Em 1990, “Conduzindo Miss Daisy” foi o único filme da “era contemporânea do Oscar” -com prêmios de crítica e sindicatos estabelecidos e com um marketing já bem próximo do que existe hoje- a ganhar o prêmio de melhor filme sem ter seu diretor, Bruce Beresford, entre os finalistas. Mas o filme estrelado por Jessica Tandy não era o favorito. A vitória foi uma surpresa. Quase todo mundo apostava que “Nascido em Quatro de Julho”, drama de guerra de Oliver Stone, levasse o prêmio principal, o que deixa a disputa deste ano ainda mais particular.

A Academia tem duas opções bem claras neste ano: ou assume que não ter indicado Ben Affleck foi um lapso e segue a corrente, premiando “Argo”, ou ignora a polêmica, renega sua própria decisão de não indicar Affleck e elege um outro filme, que pode ser “Lincoln”, “O Lado Bom da Vida” ou “As Aventuras de Pi”, com Spielberg levando vantagem.

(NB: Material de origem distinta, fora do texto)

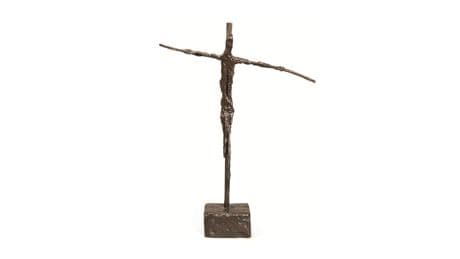 « Germaine Richier, le christ interdit » de Laurence Durieu : Le Christ d’Assy, anatomie d’un déchirement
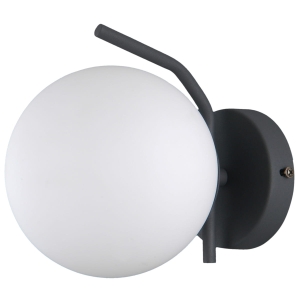 Kinkiet CARIMI 1xG9 WL-3300-1-BK Italux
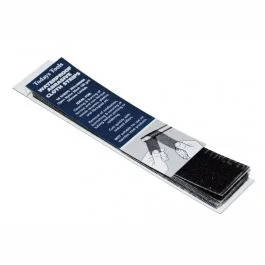 Silicone Carbide Mesh Cleaning Strips Pack of 10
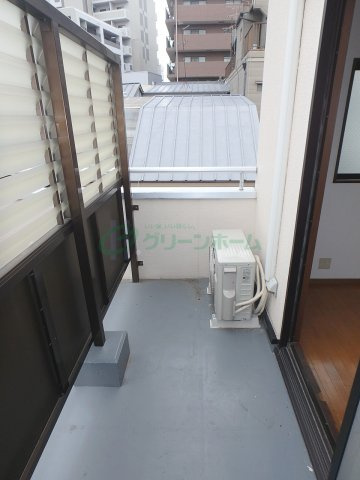 【バルコニー】 | フォレスト玉造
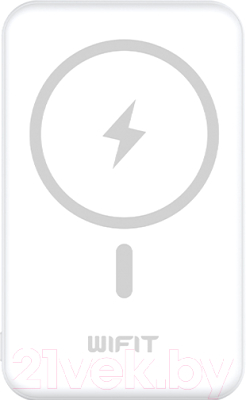 Портативное зарядное устройство Wifit Wimag Pro 10000mAh WIF-WF002WH - фото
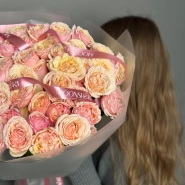 Шикарное кустовое моно Tendresse 13 4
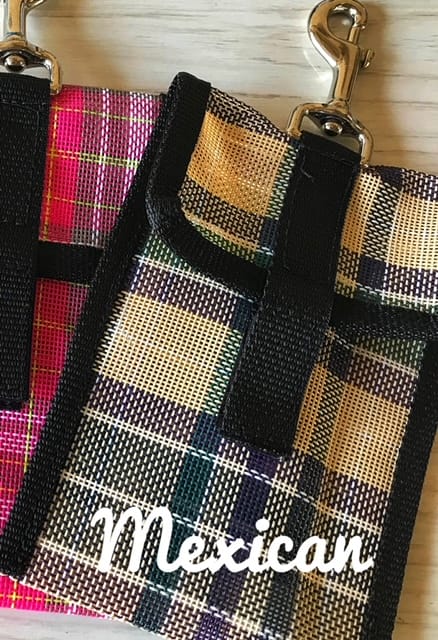 Mesh Phone Case Mexican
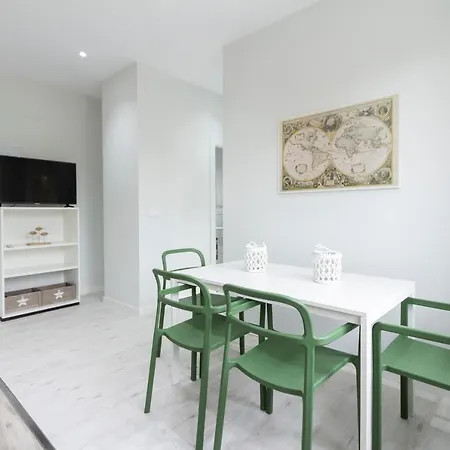 Apartament Urbantec Realty - Plaza De Castilla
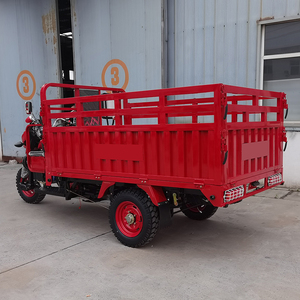 Tricycle de livraison à <span class=keywords><strong>3</strong></span> roues avec benne ouverte, moteur essence <span class=keywords><strong>300cc</strong></span>, tricycle cargo motorisé à vendre - Product Image 6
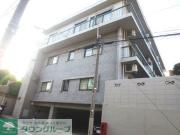 東急目黒線田園調布駅まで徒歩4分
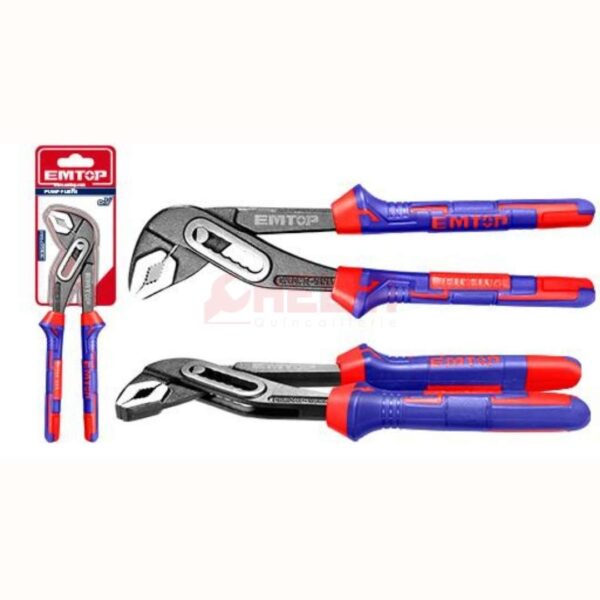 Pince crocodile 250mm EMTOP EPLRP1011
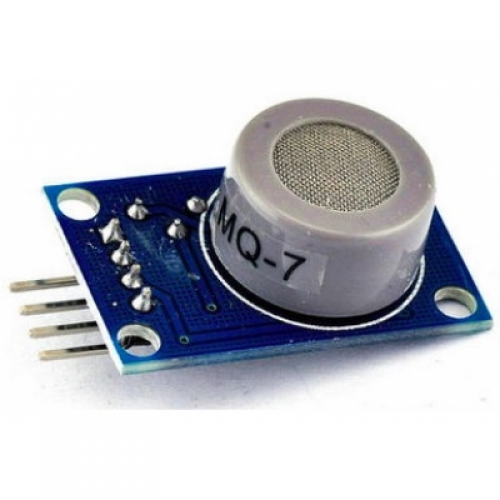 MQ-7 CO Carbon Monoxide Coal Gas Sensor Module - Image 2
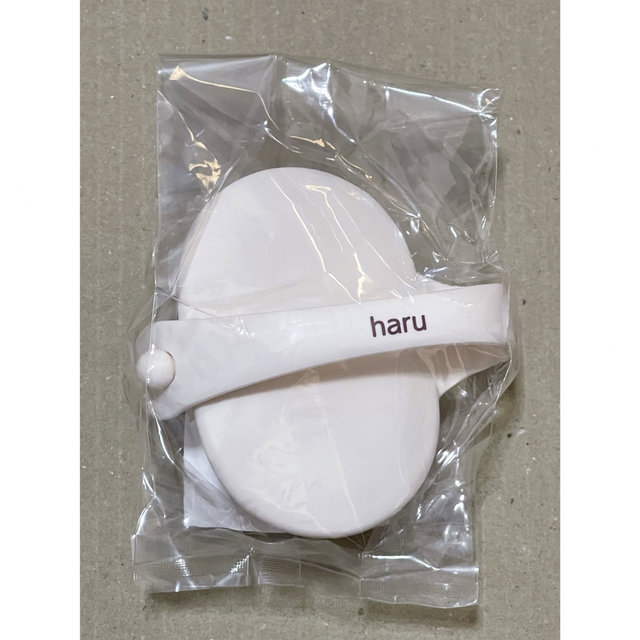 未使用品　haru  シャンプー　ブラシ　セット 3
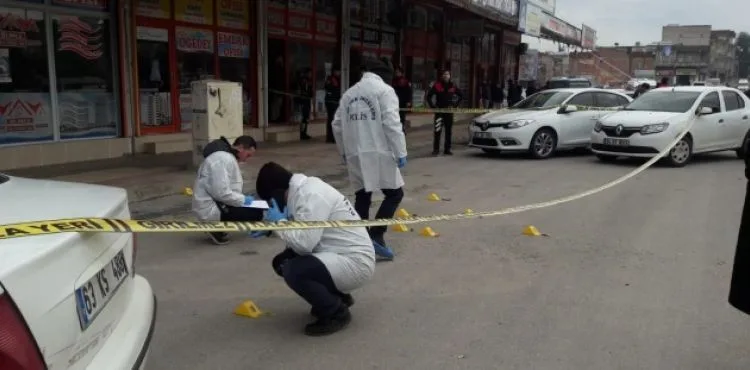 Şanlıurfa'da iki aile arasında silahlı kavga: 7 yaralı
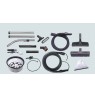 Numatic GVE370-2 vacuum 1200 W Cylinder vacuum Dry&Wet Dust bag 15 L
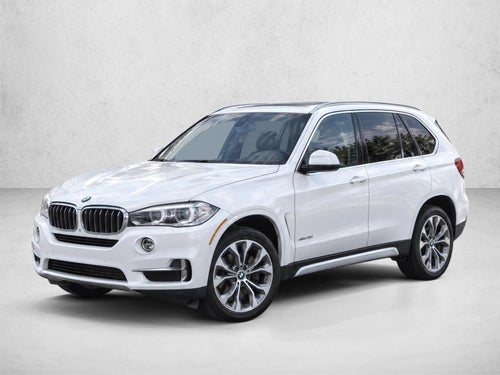 2016 BMW X5 sDrive35i RWD 4dr SAV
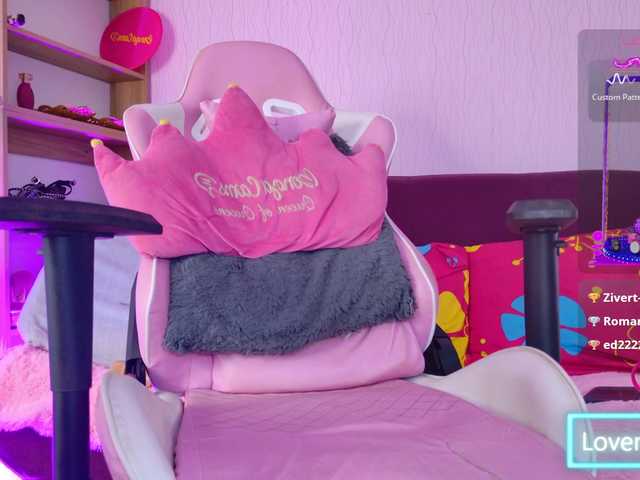 LunaBiely live cam on BongaCams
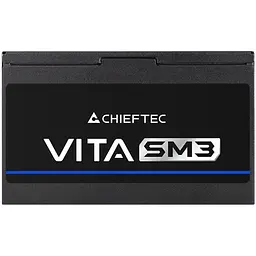 Блок живлення 850W Chieftec VITA SM3 BPX-850-C ATX 3.1 120mm, 80+ Bronze, Semi modular, Retail - мініатюра 2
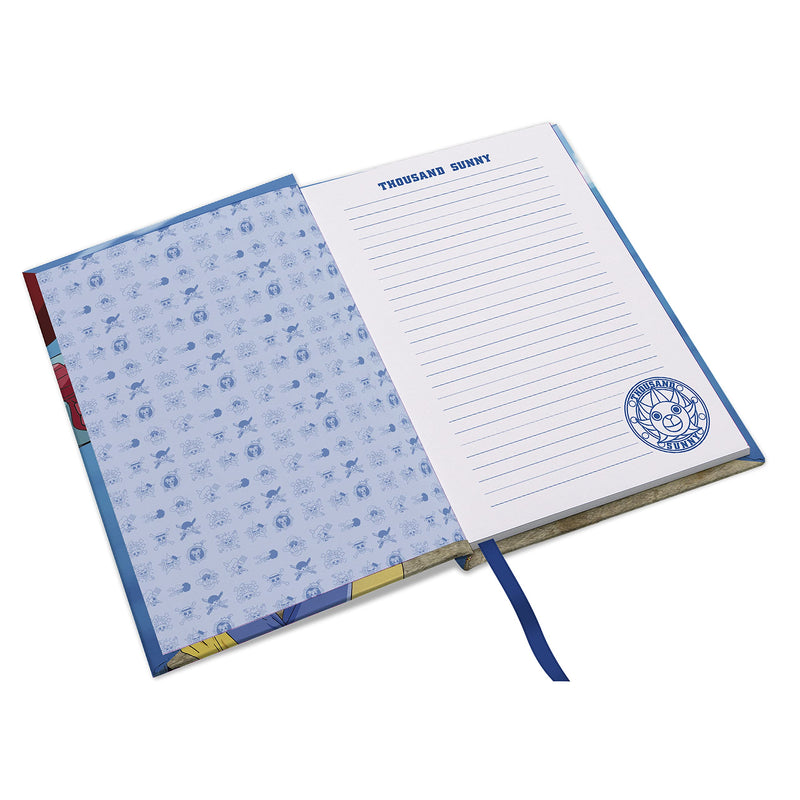 One Piece Premium Notebook, additional view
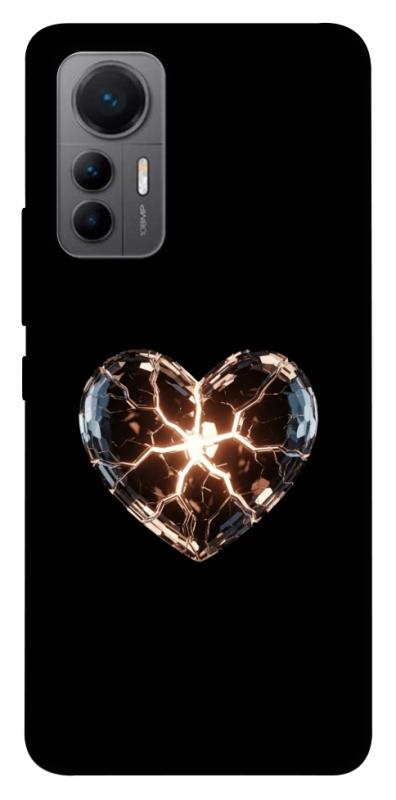 Чохол itsPrint Radiance Within для Xiaomi 12 Lite, кохання, купити оптом з доставкою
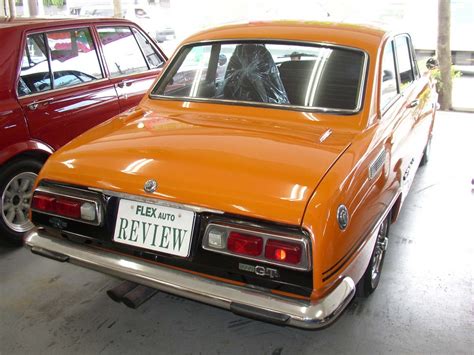 Isuzu Bellett - Japan's first GT | Retro Rides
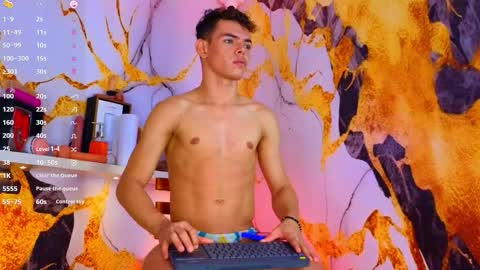 Snapshot of nijinsky_latinboy chatting on 10.23.25 Nijinsky online show from 10.23.25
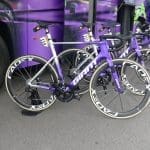 Le mat&eacute;riel du Team Ajyco-AlUla sur le Tour de France 2026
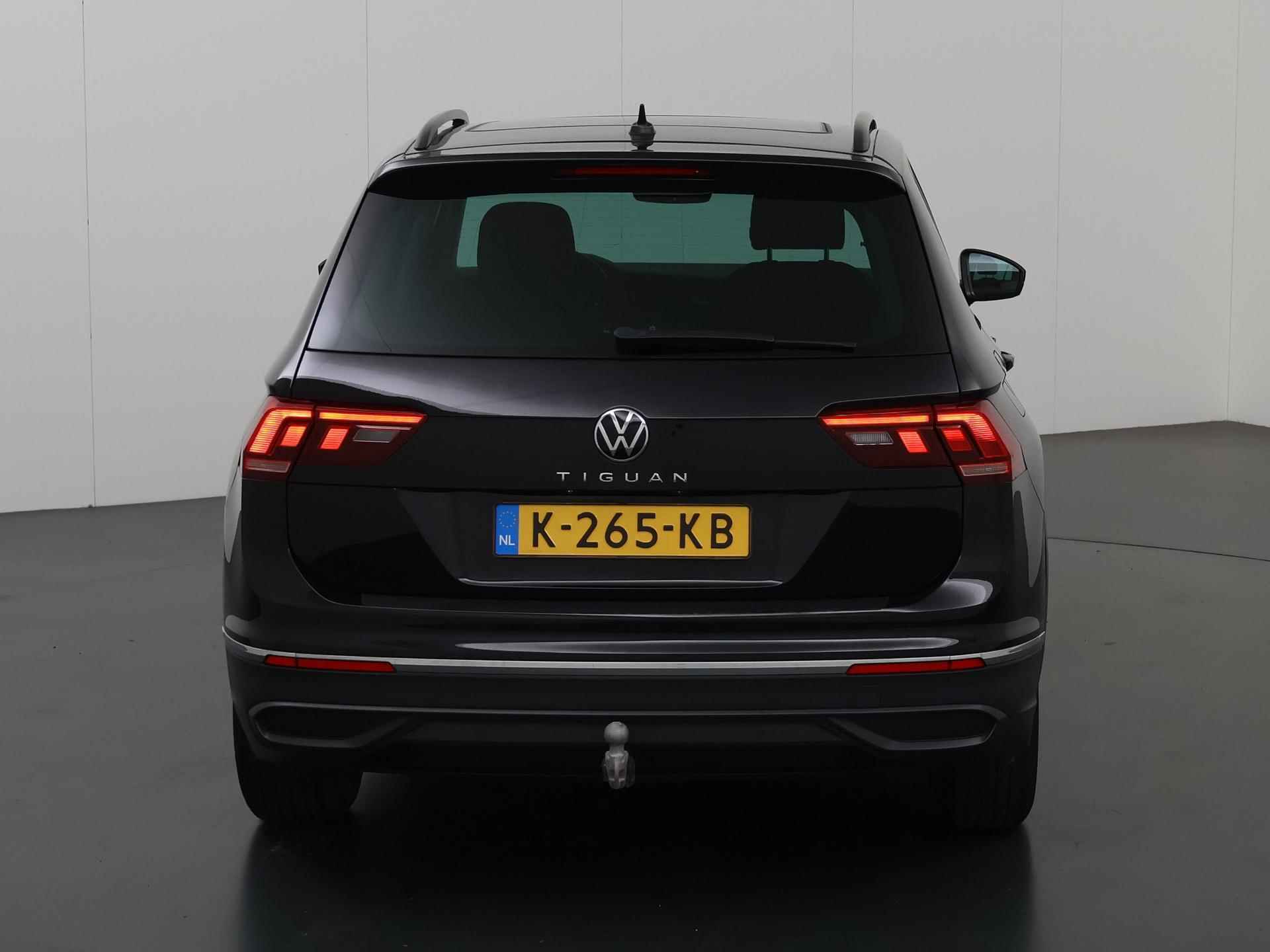 Volkswagen Tiguan 1.5 TSI Life | Trekhaak | Panoramadak | Navigatie | Stoelverwarming | Climate Control | Carplay | - 5/42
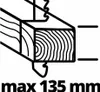 Professional Akku-Stichsäge TP-JS 18/135 Li BL - Solo, Produktbild-Vorschau 25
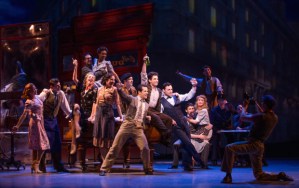 Broadway's <em>An American in Paris</em> Releases New Commercial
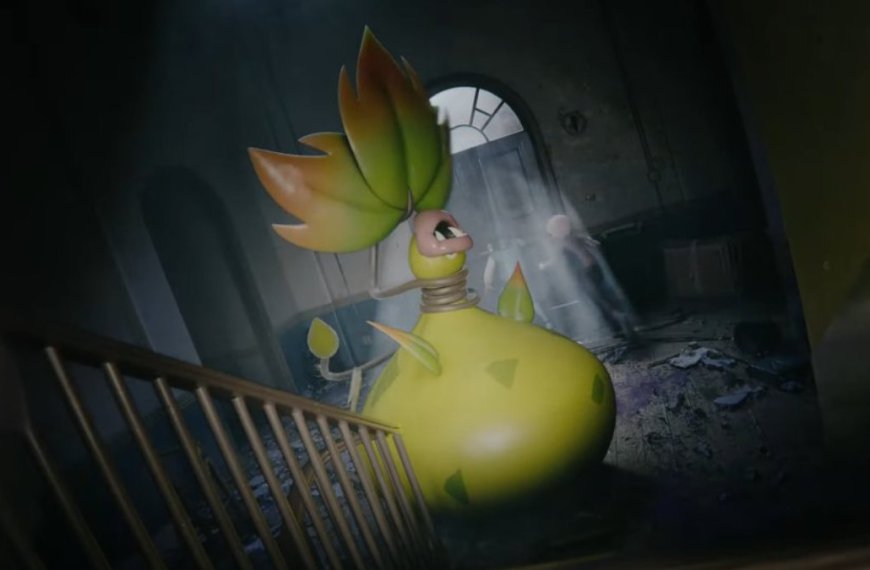 Watch the latest Pokémon Legends: Z-A ‘Sweet Scent Incident’ trailer revealing Mega Victreebel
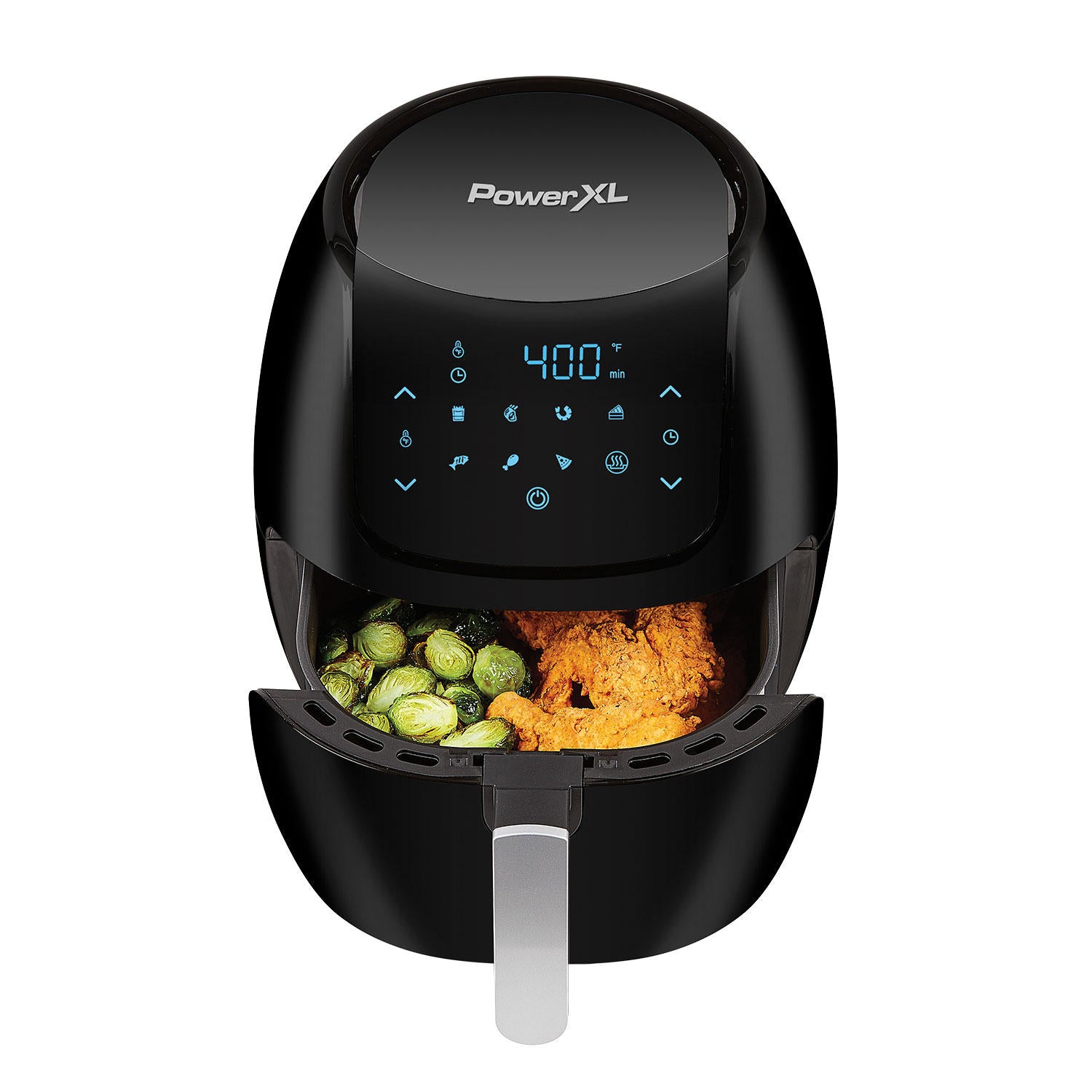 8 qt power air fryer outlet oven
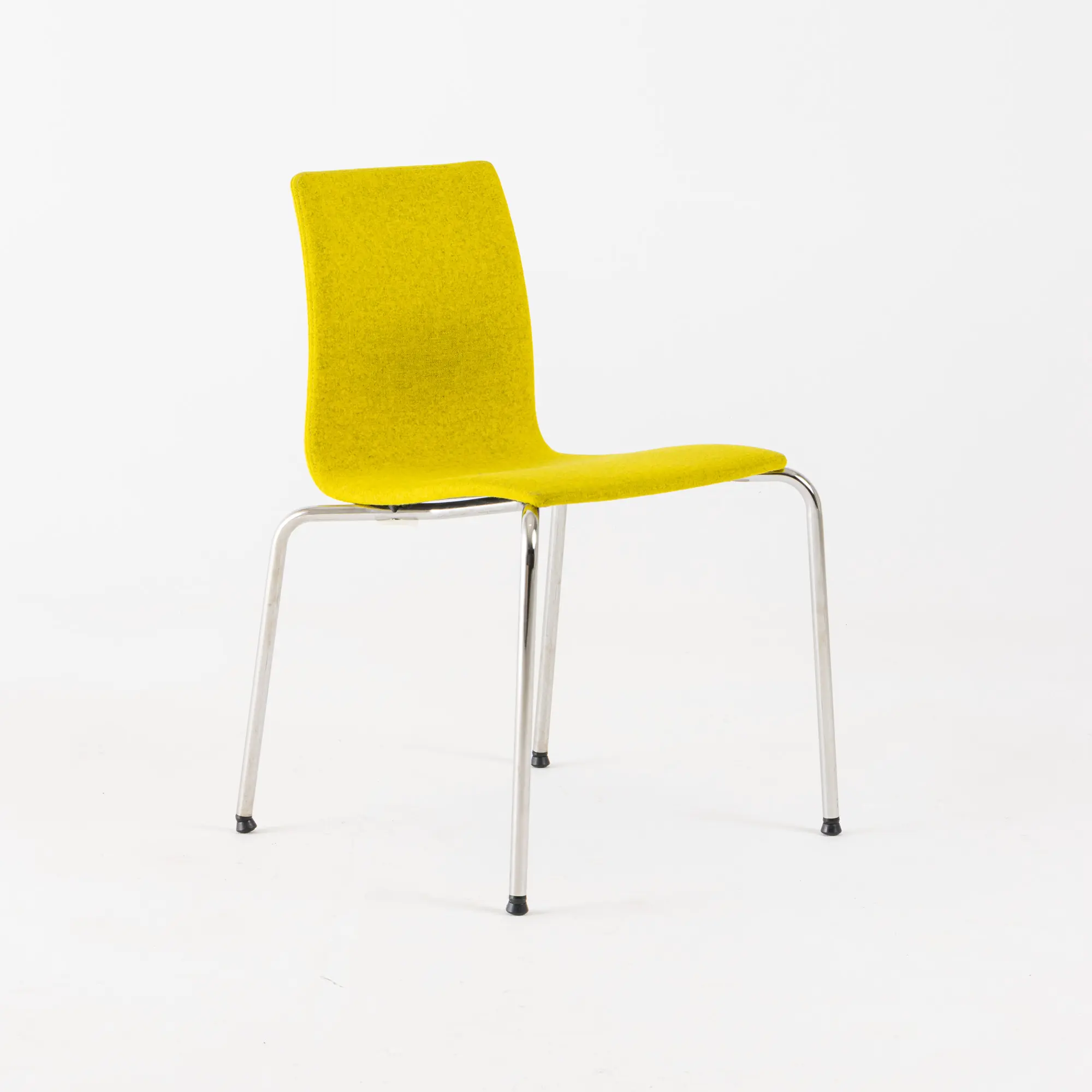 Konferensstol Noa Skandiform Yellow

Embora, na prática, não tenha que dar satisfações a ninguém, a Academia pode se ver acuada no meio do atual contexto. Optar por um filme em detrimento de um franco favorito pode ser visto como uma opção menos “nobre” ou até entrar pros erros históricos da Academia. As próximas semanas serão fundamentais para a decisão dos integrantes da Academia. Cada capítulo será saboroso para quem acompanha a corrida do Oscar.